Exercise
Return only the lines of the data below from the line with "Guilhermina Slingback Flats" up to and including the line with "Legacy Work Spaces | College Station TX", exactly as written, with the pictures omitted.

Data listing
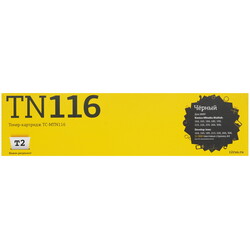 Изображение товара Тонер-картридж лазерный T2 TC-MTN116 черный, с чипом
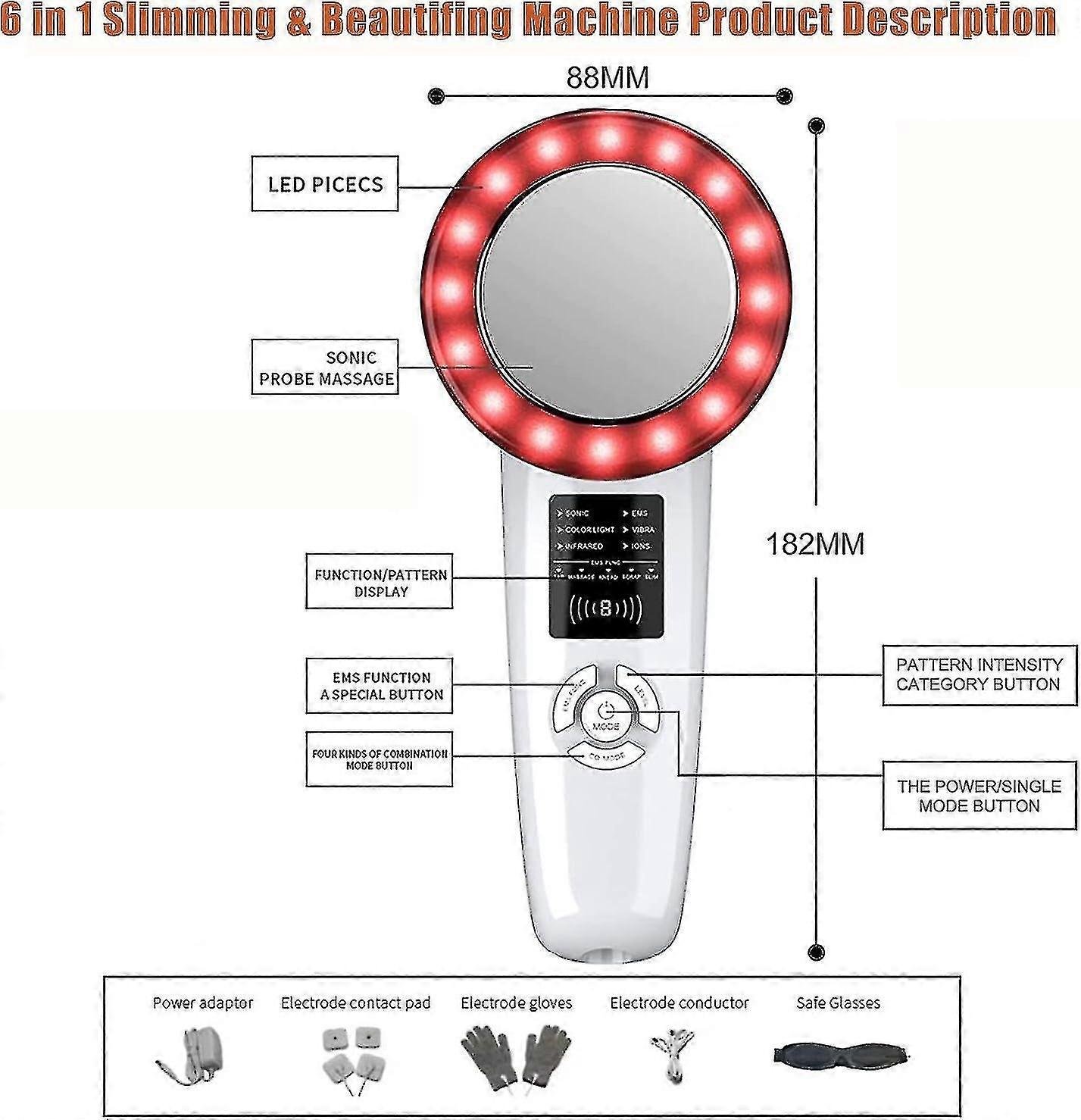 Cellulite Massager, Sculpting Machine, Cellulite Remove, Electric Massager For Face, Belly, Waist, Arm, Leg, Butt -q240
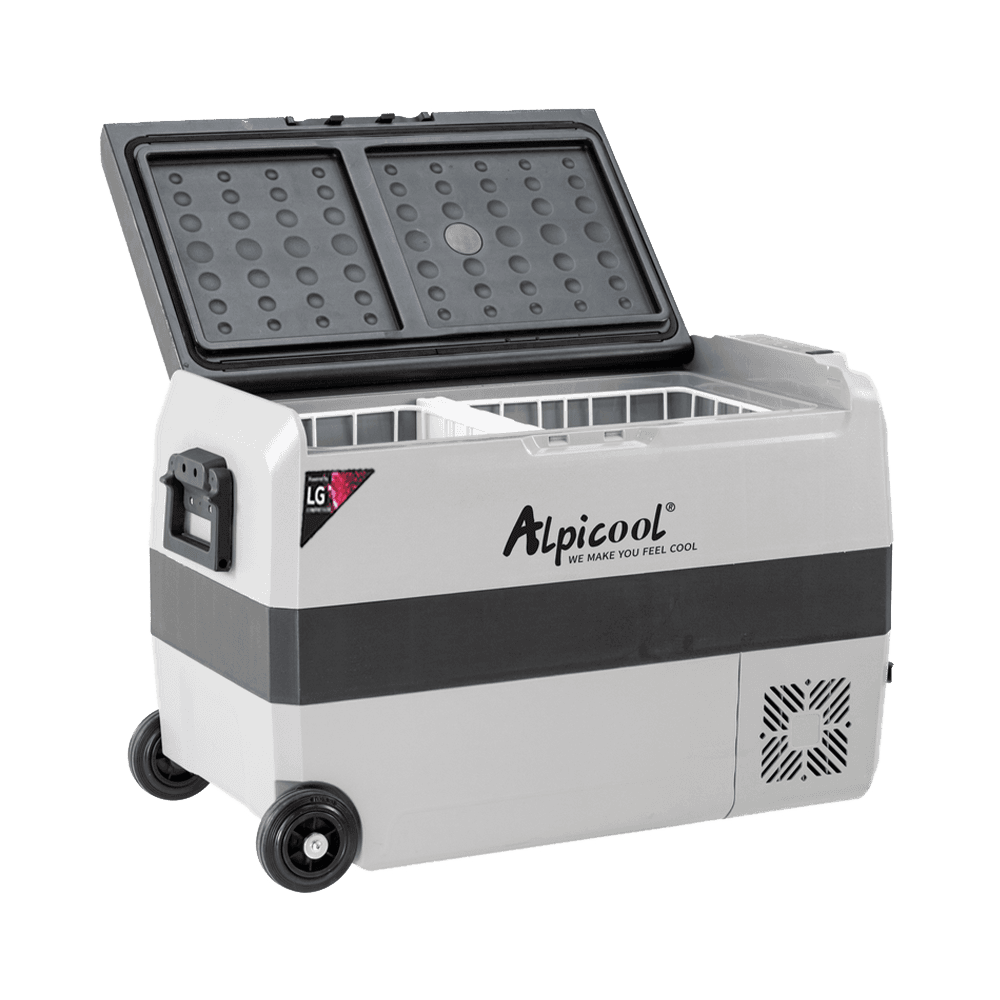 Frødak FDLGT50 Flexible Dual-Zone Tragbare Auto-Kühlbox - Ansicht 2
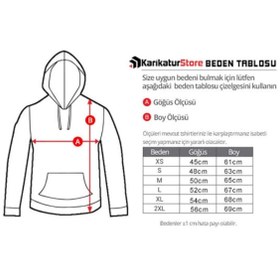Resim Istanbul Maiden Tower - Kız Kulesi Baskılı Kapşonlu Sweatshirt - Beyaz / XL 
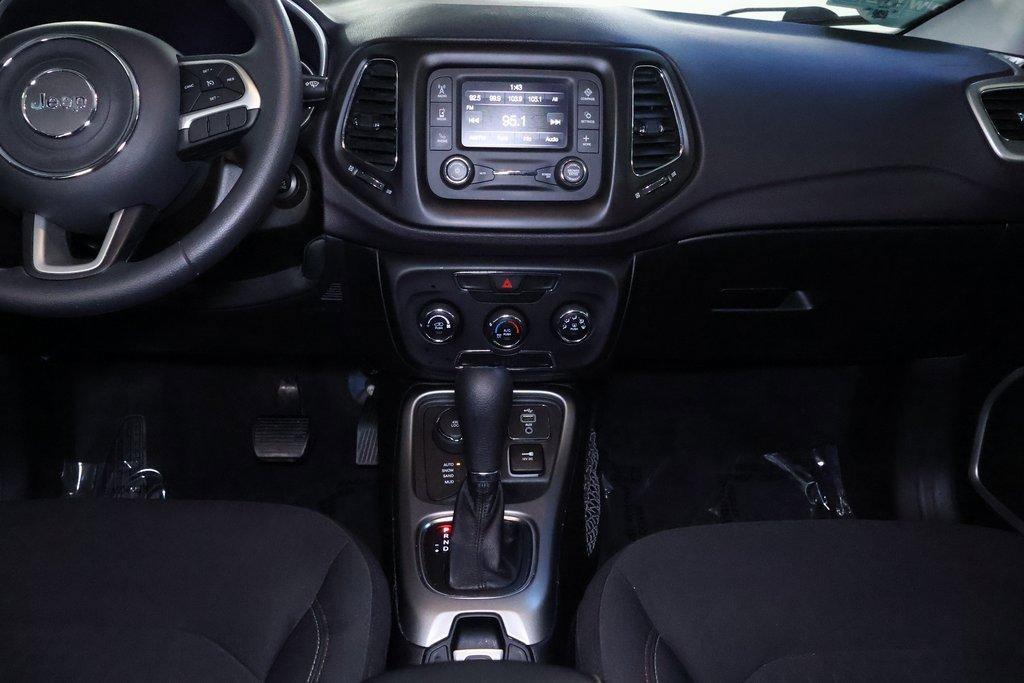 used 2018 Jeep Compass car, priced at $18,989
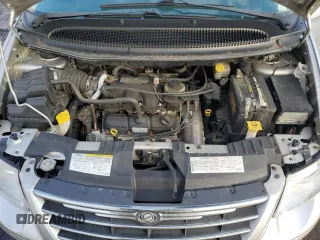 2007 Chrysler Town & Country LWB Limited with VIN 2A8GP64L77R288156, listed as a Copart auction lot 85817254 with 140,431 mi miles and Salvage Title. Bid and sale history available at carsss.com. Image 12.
...
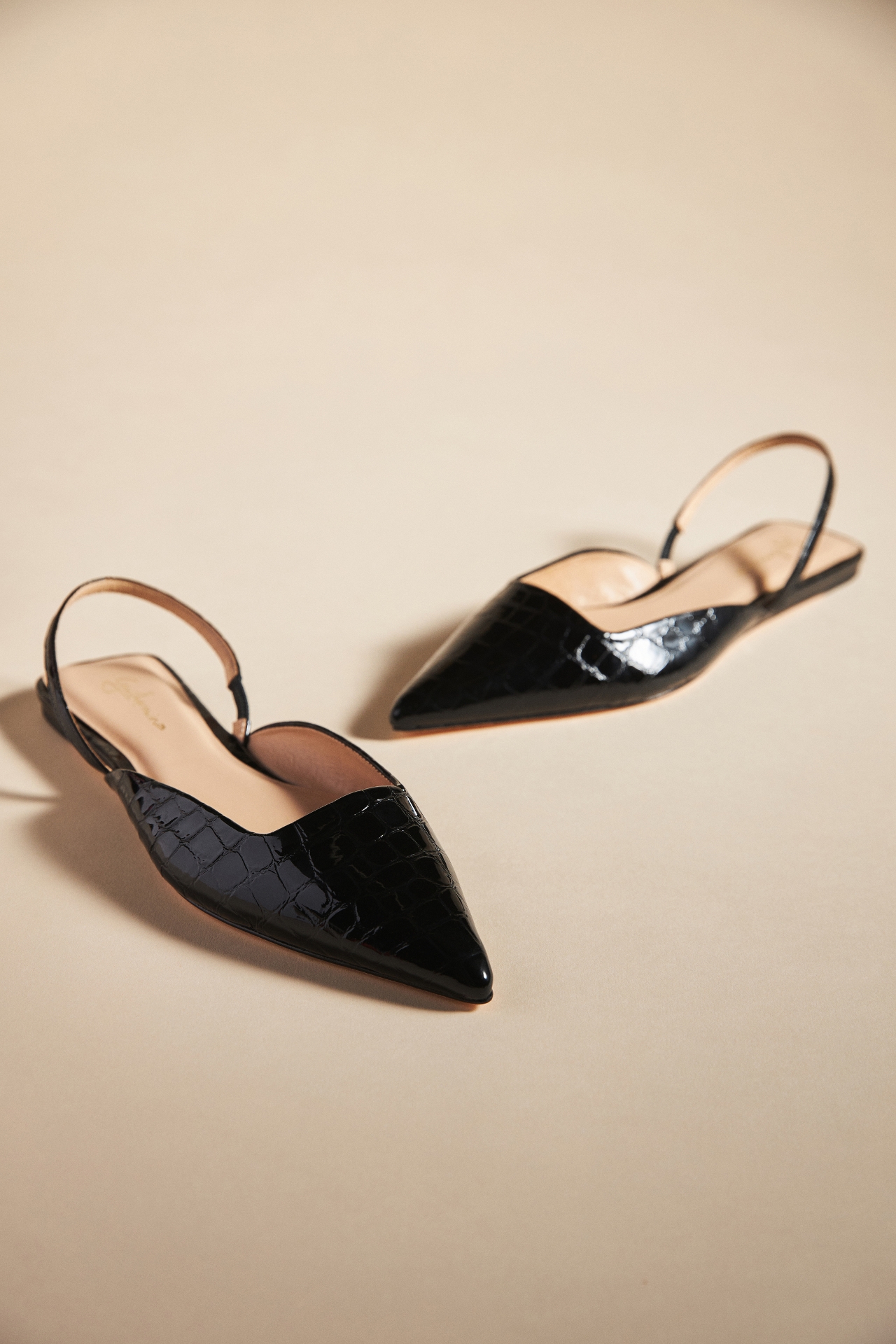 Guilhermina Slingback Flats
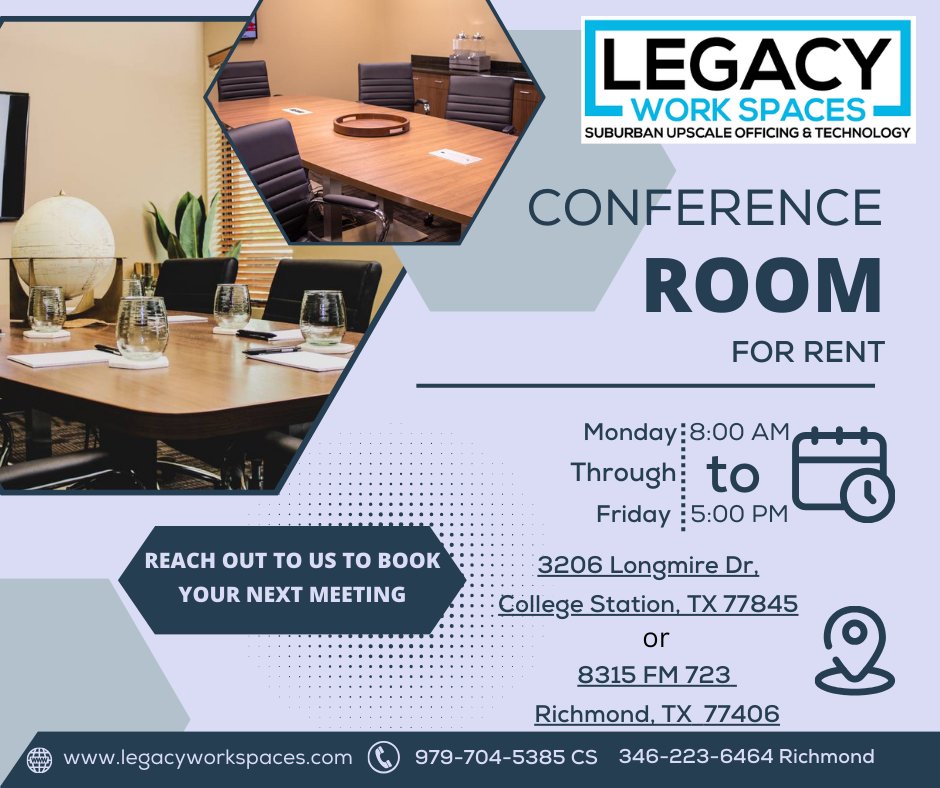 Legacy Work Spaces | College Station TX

Answer to this problem
 Guilhermina Slingback Flats
 Legacy Work Spaces | College Station TX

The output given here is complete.